This list of factors that may affect future performance is illustrative, but by no means exhaustive. Accordingly, all forward-looking statements should be evaluated with the understanding of their inherent uncertainty.
In the following discussion and analysis of results of operations and financial condition, certain financial measures may be considered "non-GAAP financial measures" under Securities and Exchange Commission rules. These rules require supplemental explanation and reconciliation, which is provided in this Quarterly Report on Form 10-Q. EnerSys' management uses the non-GAAP measures "primary working capital", "primary working capital percentage" (see definitions in "Liquidity and Capital Resources" below) and capital expenditures in its evaluation of business segment cash flow and financial position performance.
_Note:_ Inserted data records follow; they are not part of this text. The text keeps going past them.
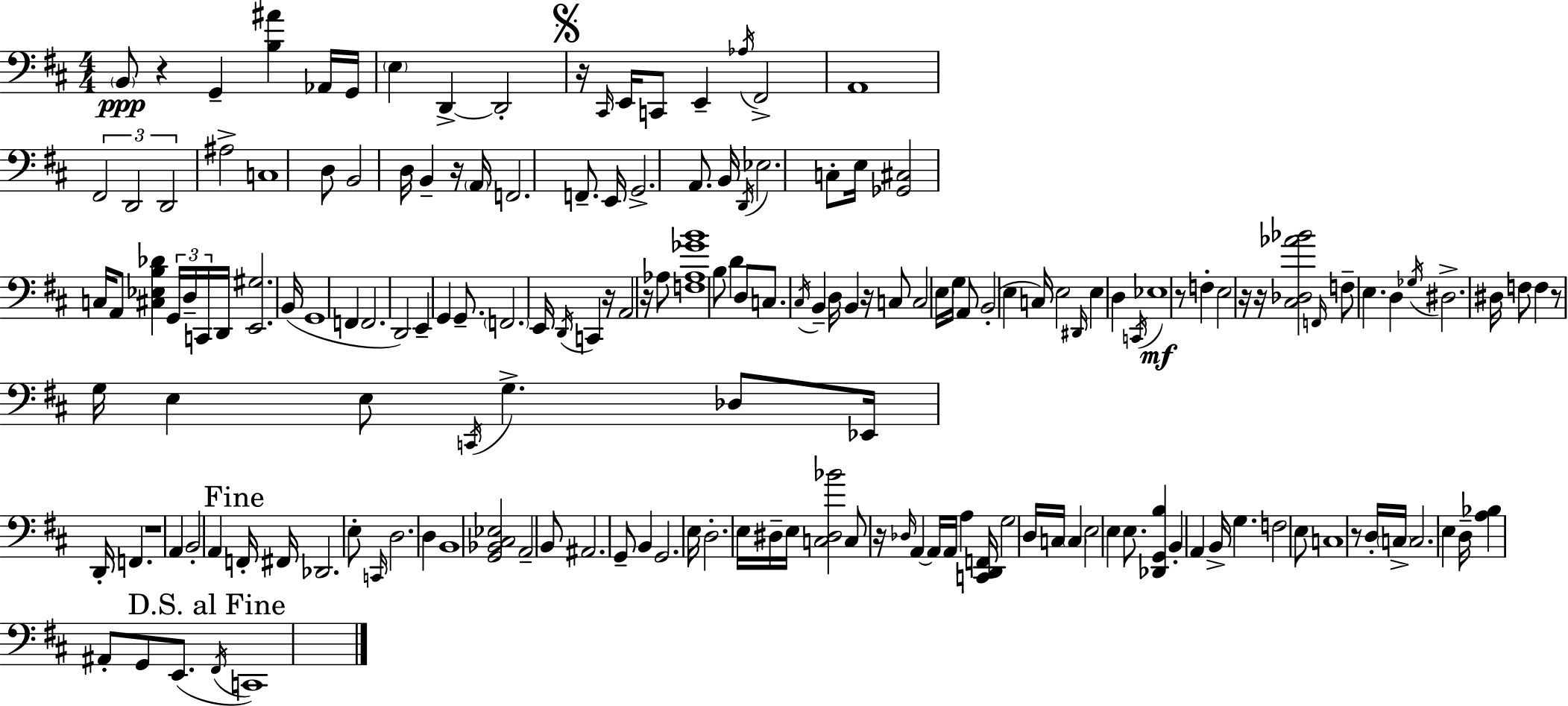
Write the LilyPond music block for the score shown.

{
  \clef bass
  \numericTimeSignature
  \time 4/4
  \key d \major
  \parenthesize b,8\ppp r4 g,4-- <b ais'>4 aes,16 g,16 | \parenthesize e4 d,4->~~ d,2-. | \mark \markup { \musicglyph "scripts.segno" } r16 \grace { cis,16 } e,16 c,8 e,4-- \acciaccatura { aes16 } fis,2-> | a,1 | \break \tuplet 3/2 { fis,2 d,2 | d,2 } ais2-> | c1 | d8 b,2 d16 b,4-- | \break r16 \parenthesize a,16 f,2. f,8.-- | e,16 g,2.-> a,8. | b,16 \acciaccatura { d,16 } ees2. | c8-. e16 <ges, cis>2 c16 a,8 <cis ees b des'>4 | \break \tuplet 3/2 { g,16 d16-- c,16 } d,16 <e, gis>2. | b,16( g,1 | f,4 f,2. | d,2) e,4-- g,4 | \break g,8.-- \parenthesize f,2. | e,16 \acciaccatura { d,16 } c,4 r16 a,2 | r16 aes8 <f aes ges' b'>1 | b8 d'4 d8 c8. \acciaccatura { cis16 } | \break b,4-- d16 b,4 r16 c8 c2 | \parenthesize e16 g16 a,8 b,2-.( | e4 c16) e2 \grace { dis,16 } e4 | d4 \acciaccatura { c,16 } ees1\mf | \break r8 f4-. e2 | r16 r16 <cis des aes' bes'>2 \grace { f,16 } | f8-- e4. d4 \acciaccatura { ges16 } dis2.-> | dis16 f8 f4 | \break r8 g16 e4 e8 \acciaccatura { c,16 } g4.-> | des8 ees,16 d,16-. f,4. r1 | a,4 b,2-. | a,4 \mark "Fine" f,16-. fis,16 des,2. | \break e8-. \grace { c,16 } d2. | d4 b,1 | <g, bes, cis ees>2 | a,2-- b,8 ais,2. | \break g,8-- b,4 g,2. | e16 d2.-. | e16 dis16-- e16 <c dis bes'>2 | c8 r16 \grace { des16 } a,4~~ a,16 a,16 a4 | \break <c, d, f,>16 g2 d16 c16 \parenthesize c4 | e2 e4 e8. <des, g, b>4 | b,4-. a,4 b,16-> g4. | f2 e8 c1 | \break r8 d16-. \parenthesize c16-> | c2. e4 | d16-- <a bes>4 ais,8-. g,8 e,8.( \mark "D.S. al Fine" \acciaccatura { fis,16 } c,1) | \bar "|."
} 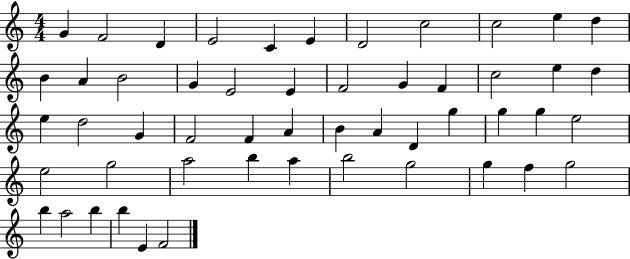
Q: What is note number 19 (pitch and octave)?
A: G4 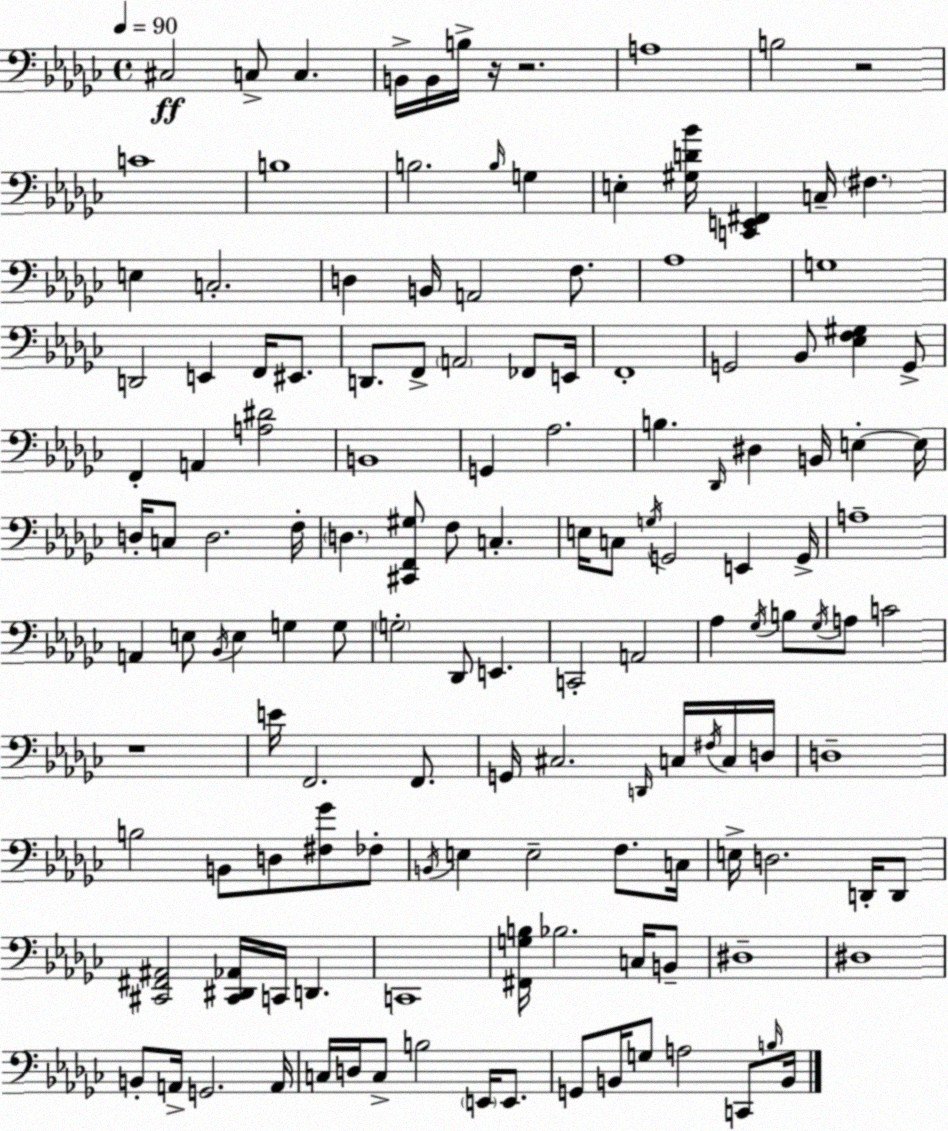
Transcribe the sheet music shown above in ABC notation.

X:1
T:Untitled
M:4/4
L:1/4
K:Ebm
^C,2 C,/2 C, B,,/4 B,,/4 B,/4 z/4 z2 A,4 B,2 z2 C4 B,4 B,2 B,/4 G, E, [^G,D_B]/4 [C,,E,,^F,,] C,/4 ^F, E, C,2 D, B,,/4 A,,2 F,/2 _A,4 G,4 D,,2 E,, F,,/4 ^E,,/2 D,,/2 F,,/2 A,,2 _F,,/2 E,,/4 F,,4 G,,2 _B,,/2 [_E,F,^G,] G,,/2 F,, A,, [A,^D]2 B,,4 G,, _A,2 B, _D,,/4 ^D, B,,/4 E, E,/4 D,/4 C,/2 D,2 F,/4 D, [^C,,F,,^G,]/2 F,/2 C, E,/4 C,/2 G,/4 G,,2 E,, G,,/4 A,4 A,, E,/2 _B,,/4 E, G, G,/2 G,2 _D,,/2 E,, C,,2 A,,2 _A, _G,/4 B,/2 _G,/4 A,/2 C2 z4 E/4 F,,2 F,,/2 G,,/4 ^C,2 D,,/4 C,/4 ^F,/4 C,/4 D,/4 D,4 B,2 B,,/2 D,/2 [^F,_G]/2 _F,/2 B,,/4 E, E,2 F,/2 C,/4 E,/4 D,2 D,,/4 D,,/2 [^C,,^F,,^A,,]2 [^C,,^D,,_A,,]/4 C,,/4 D,, C,,4 [^F,,G,B,]/4 _B,2 C,/4 B,,/2 ^D,4 ^D,4 B,,/2 A,,/4 G,,2 A,,/4 C,/4 D,/4 C,/2 B,2 E,,/4 E,,/2 G,,/2 B,,/4 G,/2 A,2 C,,/2 B,/4 B,,/4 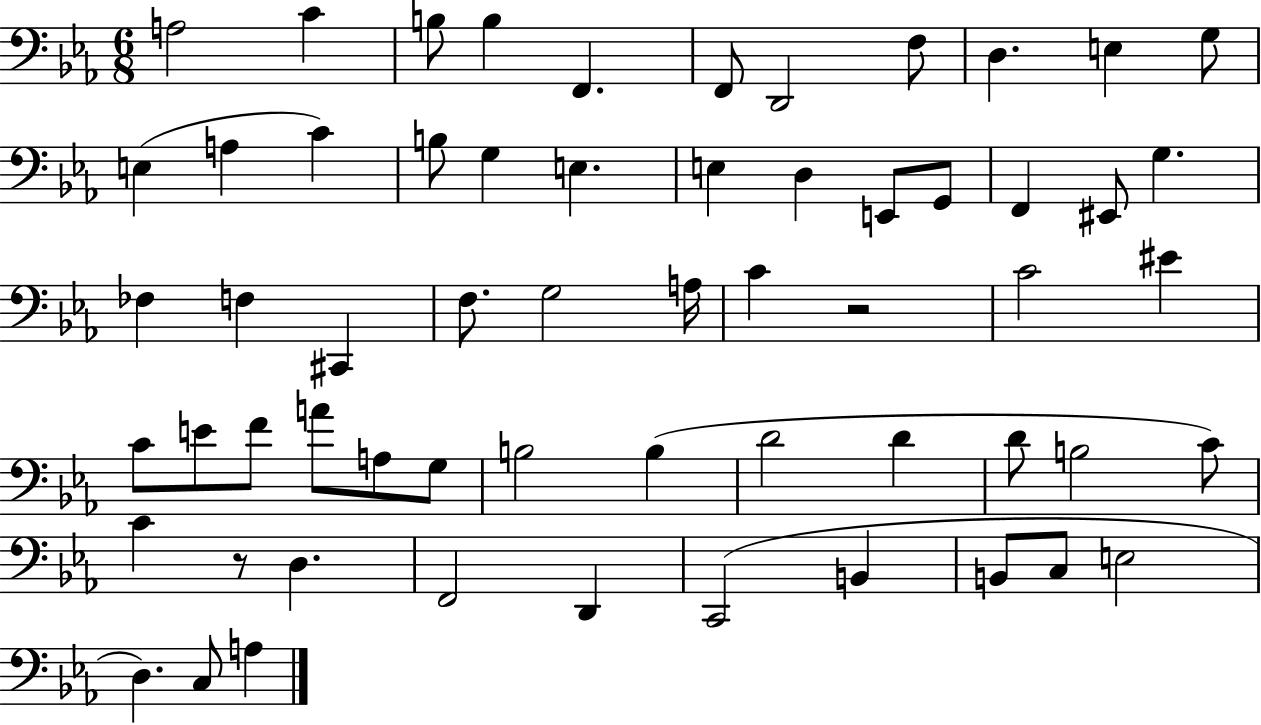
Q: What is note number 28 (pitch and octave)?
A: F3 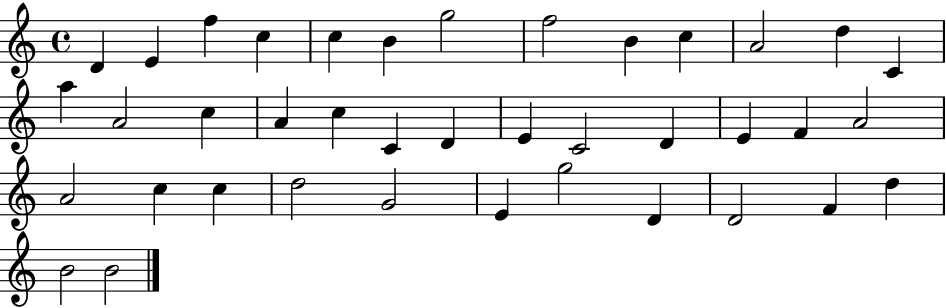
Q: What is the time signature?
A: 4/4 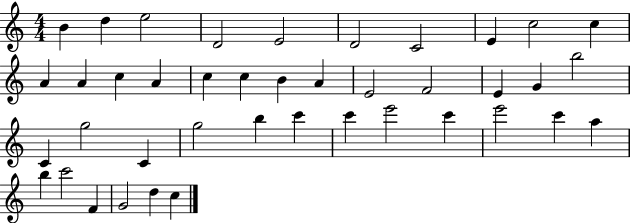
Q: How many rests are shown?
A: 0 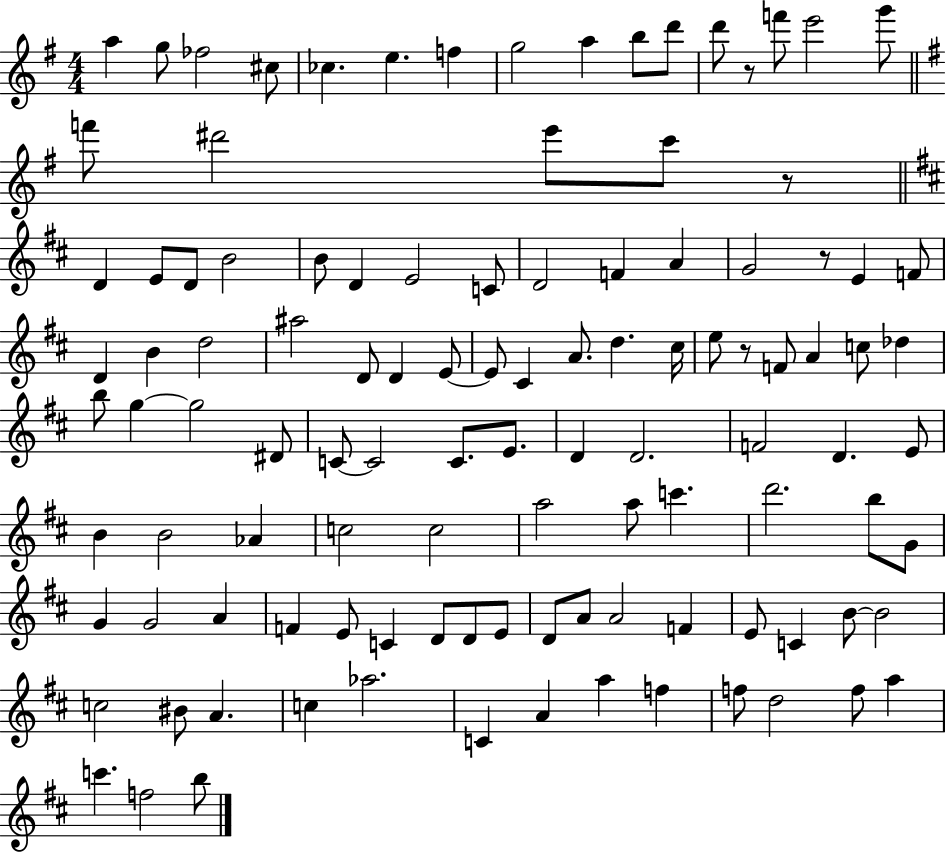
{
  \clef treble
  \numericTimeSignature
  \time 4/4
  \key g \major
  a''4 g''8 fes''2 cis''8 | ces''4. e''4. f''4 | g''2 a''4 b''8 d'''8 | d'''8 r8 f'''8 e'''2 g'''8 | \break \bar "||" \break \key g \major f'''8 dis'''2 e'''8 c'''8 r8 | \bar "||" \break \key b \minor d'4 e'8 d'8 b'2 | b'8 d'4 e'2 c'8 | d'2 f'4 a'4 | g'2 r8 e'4 f'8 | \break d'4 b'4 d''2 | ais''2 d'8 d'4 e'8~~ | e'8 cis'4 a'8. d''4. cis''16 | e''8 r8 f'8 a'4 c''8 des''4 | \break b''8 g''4~~ g''2 dis'8 | c'8~~ c'2 c'8. e'8. | d'4 d'2. | f'2 d'4. e'8 | \break b'4 b'2 aes'4 | c''2 c''2 | a''2 a''8 c'''4. | d'''2. b''8 g'8 | \break g'4 g'2 a'4 | f'4 e'8 c'4 d'8 d'8 e'8 | d'8 a'8 a'2 f'4 | e'8 c'4 b'8~~ b'2 | \break c''2 bis'8 a'4. | c''4 aes''2. | c'4 a'4 a''4 f''4 | f''8 d''2 f''8 a''4 | \break c'''4. f''2 b''8 | \bar "|."
} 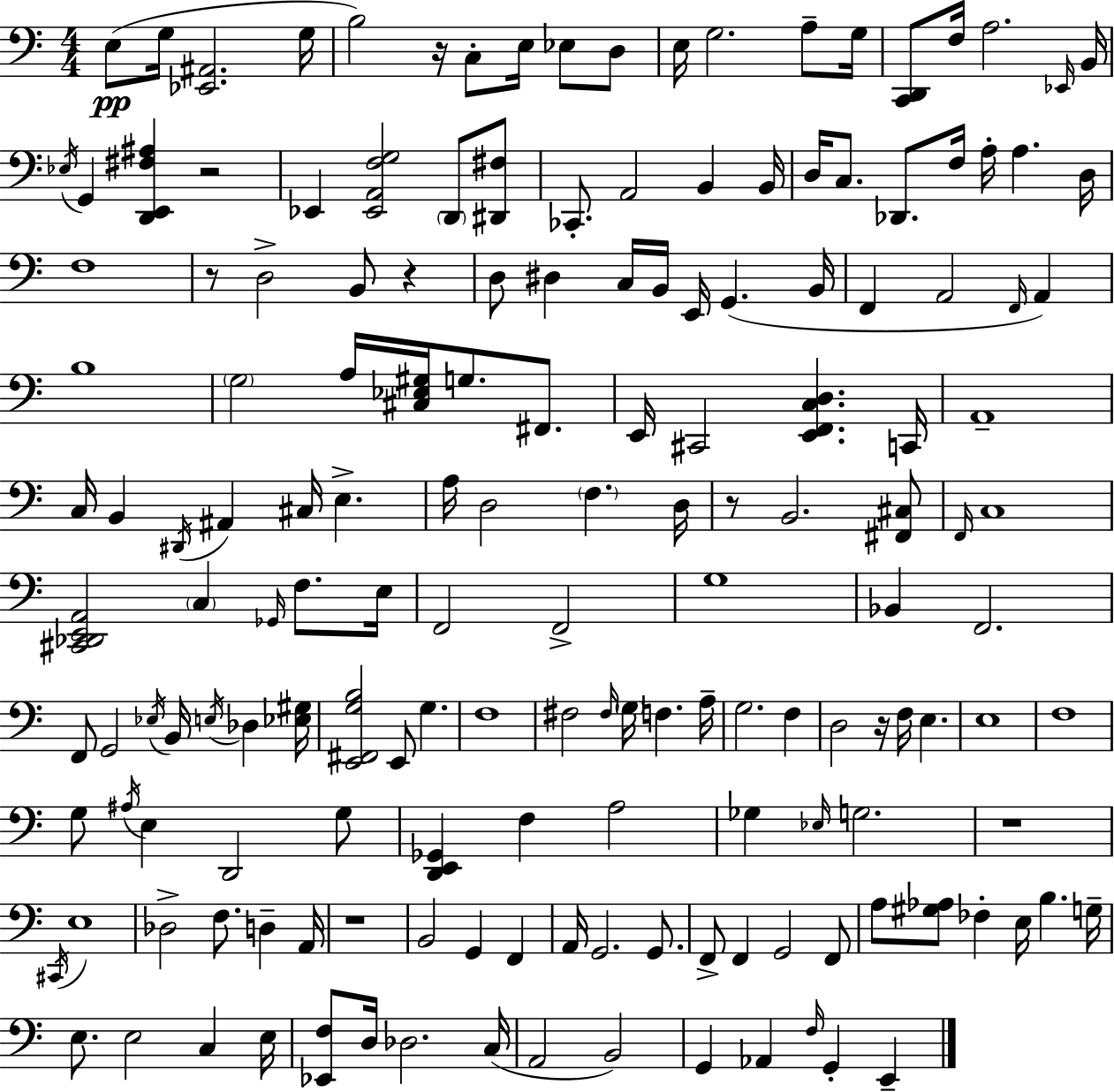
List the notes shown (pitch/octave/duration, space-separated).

E3/e G3/s [Eb2,A#2]/h. G3/s B3/h R/s C3/e E3/s Eb3/e D3/e E3/s G3/h. A3/e G3/s [C2,D2]/e F3/s A3/h. Eb2/s B2/s Eb3/s G2/q [D2,E2,F#3,A#3]/q R/h Eb2/q [Eb2,A2,F3,G3]/h D2/e [D#2,F#3]/e CES2/e. A2/h B2/q B2/s D3/s C3/e. Db2/e. F3/s A3/s A3/q. D3/s F3/w R/e D3/h B2/e R/q D3/e D#3/q C3/s B2/s E2/s G2/q. B2/s F2/q A2/h F2/s A2/q B3/w G3/h A3/s [C#3,Eb3,G#3]/s G3/e. F#2/e. E2/s C#2/h [E2,F2,C3,D3]/q. C2/s A2/w C3/s B2/q D#2/s A#2/q C#3/s E3/q. A3/s D3/h F3/q. D3/s R/e B2/h. [F#2,C#3]/e F2/s C3/w [C#2,Db2,E2,A2]/h C3/q Gb2/s F3/e. E3/s F2/h F2/h G3/w Bb2/q F2/h. F2/e G2/h Eb3/s B2/s E3/s Db3/q [Eb3,G#3]/s [E2,F#2,G3,B3]/h E2/e G3/q. F3/w F#3/h F#3/s G3/s F3/q. A3/s G3/h. F3/q D3/h R/s F3/s E3/q. E3/w F3/w G3/e A#3/s E3/q D2/h G3/e [D2,E2,Gb2]/q F3/q A3/h Gb3/q Eb3/s G3/h. R/w C#2/s E3/w Db3/h F3/e. D3/q A2/s R/w B2/h G2/q F2/q A2/s G2/h. G2/e. F2/e F2/q G2/h F2/e A3/e [G#3,Ab3]/e FES3/q E3/s B3/q. G3/s E3/e. E3/h C3/q E3/s [Eb2,F3]/e D3/s Db3/h. C3/s A2/h B2/h G2/q Ab2/q F3/s G2/q E2/q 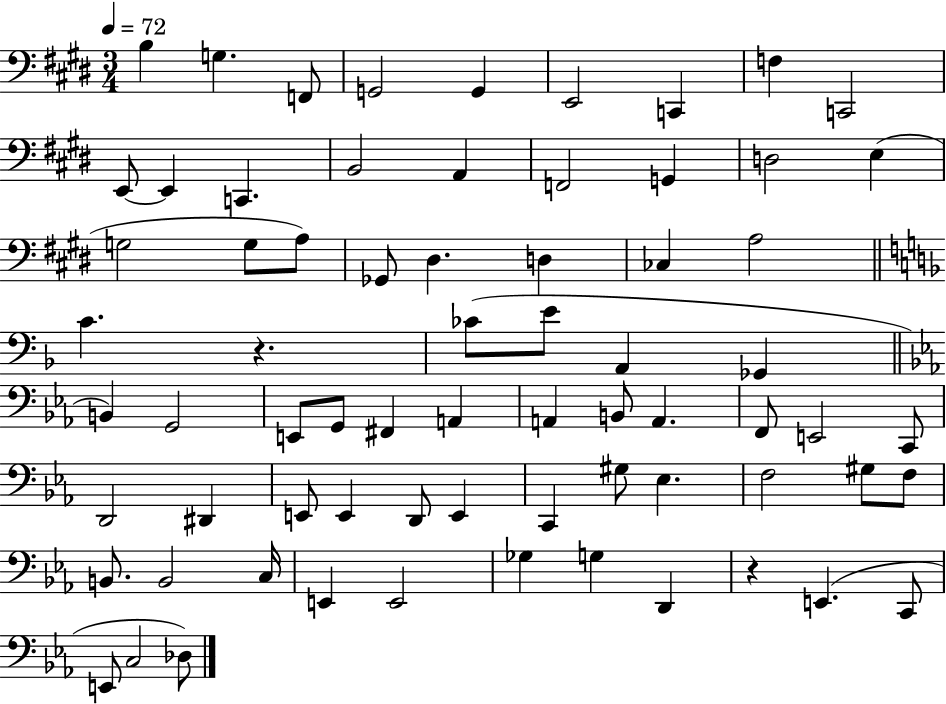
X:1
T:Untitled
M:3/4
L:1/4
K:E
B, G, F,,/2 G,,2 G,, E,,2 C,, F, C,,2 E,,/2 E,, C,, B,,2 A,, F,,2 G,, D,2 E, G,2 G,/2 A,/2 _G,,/2 ^D, D, _C, A,2 C z _C/2 E/2 A,, _G,, B,, G,,2 E,,/2 G,,/2 ^F,, A,, A,, B,,/2 A,, F,,/2 E,,2 C,,/2 D,,2 ^D,, E,,/2 E,, D,,/2 E,, C,, ^G,/2 _E, F,2 ^G,/2 F,/2 B,,/2 B,,2 C,/4 E,, E,,2 _G, G, D,, z E,, C,,/2 E,,/2 C,2 _D,/2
These disclosures have limitations as an analytical tool, should not be viewed as a substitute for cash flow determined in accordance with GAAP, and should not be considered in isolation or as a substitute for analysis of the Company's results as reported under GAAP, nor are they necessarily comparable to non-GAAP performance measures that may be presented by other companies. Management believes that this non-GAAP supplemental information is helpful in understanding the Company's ongoing operating results.

Overview
EnerSys (the "Company," "we," or "us") is the world's largest manufacturer, marketer and distributor of industrial batteries. We also manufacture, market and distribute related products such as chargers, power equipment and battery accessories, and we provide related after-market and customer-support services for industrial batteries. We market and sell our products globally to over 10,000 customers in more than 100 countries through a network of distributors, independent representatives and our internal sales force. We operate and manage our business in three geographic regions of the world-Americas, EMEA and Asia, as described below. Our business is highly decentralized with manufacturing locations throughout the world. More than half of our manufacturing capacity is located outside the United States, and approximately 60% of our net sales were generated outside the United States. The Company has three reportable business segments based on geographic regions, defined as follows:
Americas, which includes North and South America, with our segment headquarters in Reading, Pennsylvania, USA;

EMEA, which includes Europe, the Middle East and Africa, with our segment headquarters in Zurich, Switzerland; and

Asia, which includes Asia, Australia and Oceania, with our segment headquarters in Singapore.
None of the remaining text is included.